Large Roman coin made of brass issued in 249-251 AD

A double sestertius of Postumus (doubled value indicated by the portrait head's radiate crown), made as an overstrike of a much older sestertius, probably of 1st century AD date. It can be seen that the new design does not fill the older coin's face, leaving traces of the original lettering. About 259–268 AD. The coin is 34mm wide.

The double sestertius was a large Roman coin made of orichalcum ("gold-brass") first issued by Emperor Trajan Decius in AD 249–251, as a response to the inflationary pressures of the time which had devalued the buying power of the conventional sestertius. In reality the new coin was little bigger than the traditional sestertius, which by then was being manufactured at a lower weight and smaller size than it had originally been, and was not a success. Although commonly described as a "double" sestertius, it was probably worth only one sestertius and a half.
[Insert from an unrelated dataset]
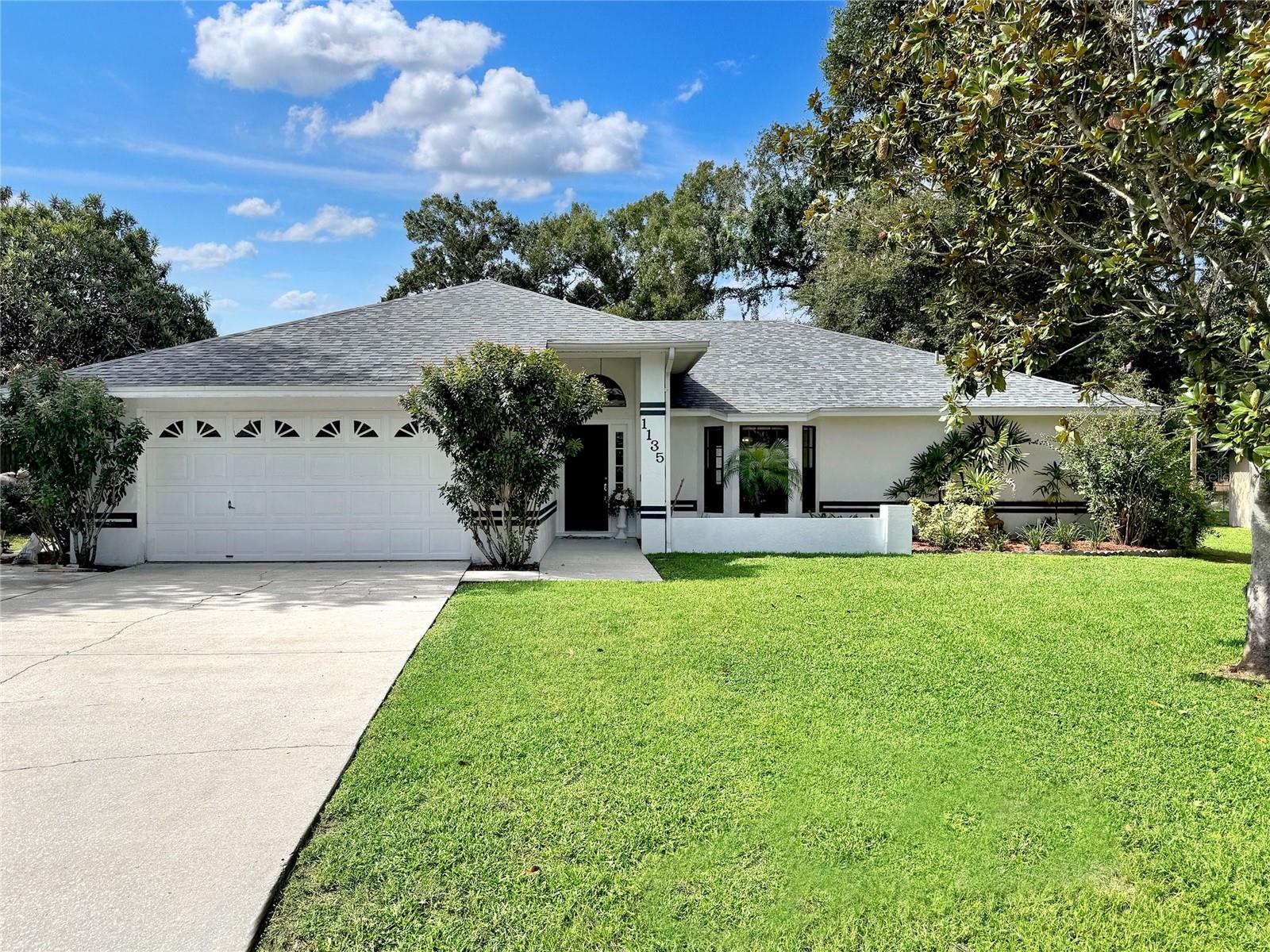 Discover this beautiful 3-bedroom, 2-bath home with a sparkling pool and the option for a 4th bedroom! Nestled in a desirable South Lakeland neighborhood, this property is located near sought-after schools and tucked away on a quiet street with no through traffic. The split floor plan offers a spacious living room with a cozy fireplace, perfect for family gatherings or relaxing evenings. The primary suite features a large walk-in closet and private bath, freshly painted and new flooring. The two additional bedrooms provide flexibility for guests, family, or a home office. Ample storage closets throughout the home add to its practicality. Step outside to your private backyard retreat with a screened pool and generous patio space for entertaining. The pool has been resurfaced, and new artificial turf has been added. Also, enjoy the brand-new grill and new patio furniture. Best of all, LAWN CARE AND POOL MAINTENANCE ARE INCLUDED for maintenance-free living. Conveniently located just minutes from shopping, dining, and major roadways. Se habla español.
The new coin fell out of use but was revived by the rebel emperor Postumus (259–268), who ruled a breakaway empire consisting of Britain, Gaul and parts of Germany, and was keen to associate his regime with a reformed coinage system. Postumus issued his own version of the double sestertius, often taking very worn old sestertii and using these to overstrike his own portrait and legends on, probably because of a shortage of metal. The double sestertii were terminated in early 262.

After his reign, the Roman coinage system degenerated further with almost the only circulating pieces being very debased double-denarius coins, known to us as antoniniani or 'radiates' (from the use of the radiate crown). Older coins like the sestertius soon dropped entirely out of use, with many being melted down to create new radiates. By the fourth century AD even these had been discontinued and an entirely new coinage system had been created.